Route information
- Existed: Proposed–present

Major junctions
- Tourist loop around Sitamarhi and Ayodhya

Location
- Country: India
- States: Bihar and Uttar Pradesh

Highway system
- Four lines

= Ram - Janaki Path =

Proposed National Highway between Sitamarhi and Ayodhya

Ram - Janaki Path (Devanagari: राम-जानकी पथ) is a proposed national highway in India between the two culturally tied cities of Sitamarhi and Ayodhya. It is also called as Ram - Janaki Marg. The project of this national highway aims to promote religious tourism of the Ramayana circuit and improve the transportation network in these areas. The length of the highway will be 240 kilometer long and its width will be 70 meter. It will pass through the states of Bihar and Uttar Pradesh. The estimated cost of the project is Rs 6155 crores. It is a four lines highway project. The project was approved by the Prime Minister Narendra Modi on the occasion of Ramnavami in the month of April in 2025.

== Description ==
The project for the Ram Janaki Path is divided into two stretches in states of Bihar and Uttar Pradesh.

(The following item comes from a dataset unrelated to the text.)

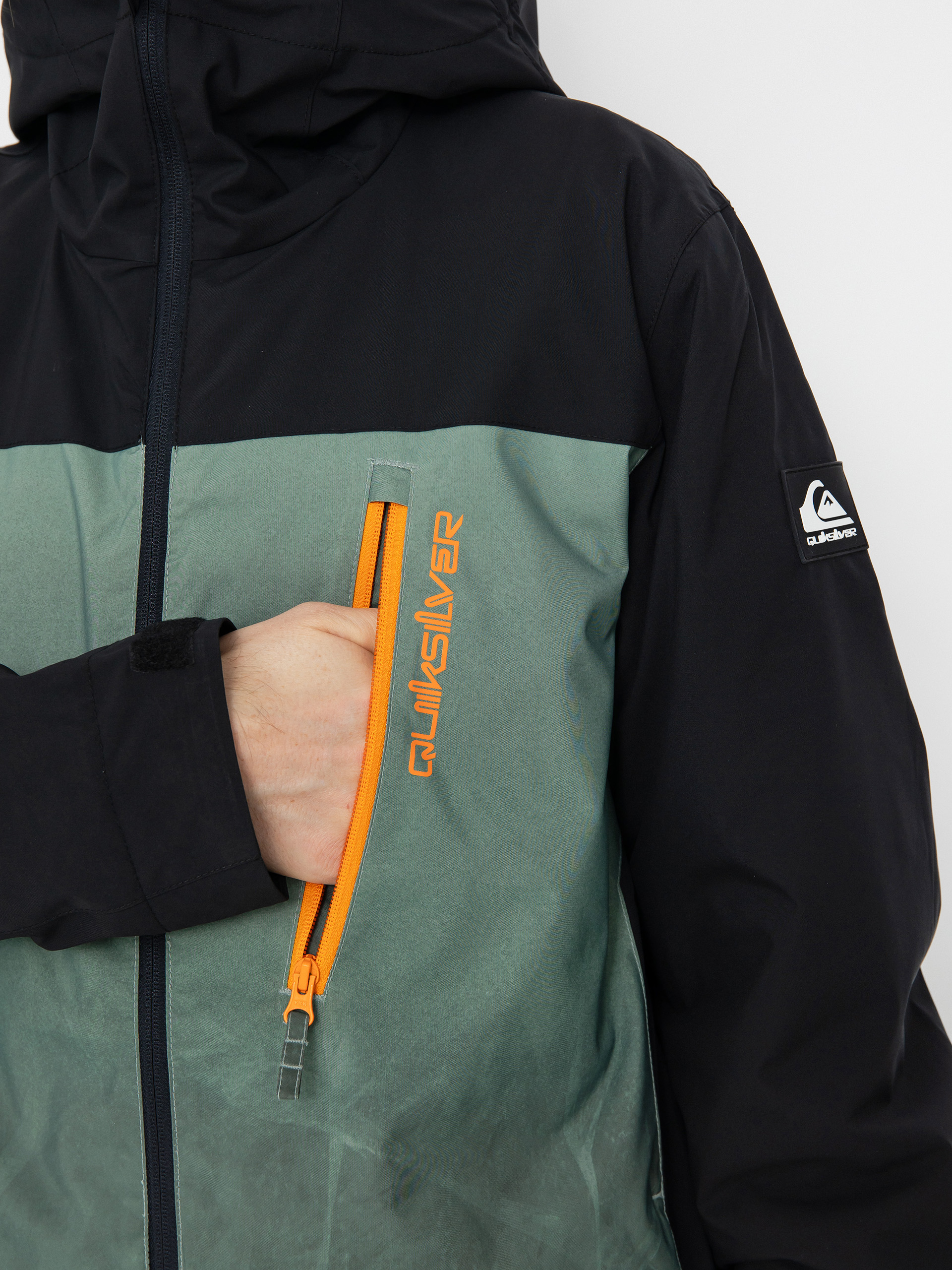 Męska Kurtka snowboardowa Quiksilver Morton (gradient iced sea sp)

The Union Minister for Road Transport and Highways, Nitin Gadkari, informed the Lok Sabha during the Budget session of 2025 in the month of March in the parliament of India that the two stretches of the project would be completed by May and December 2027 in states of Bihar and Uttar Pradesh respectively.

The project of the Ram Janaki Path highway is extended upto Bhithamore border near the Indo - Nepal border line in the Sitamarhi district of Bihar in India.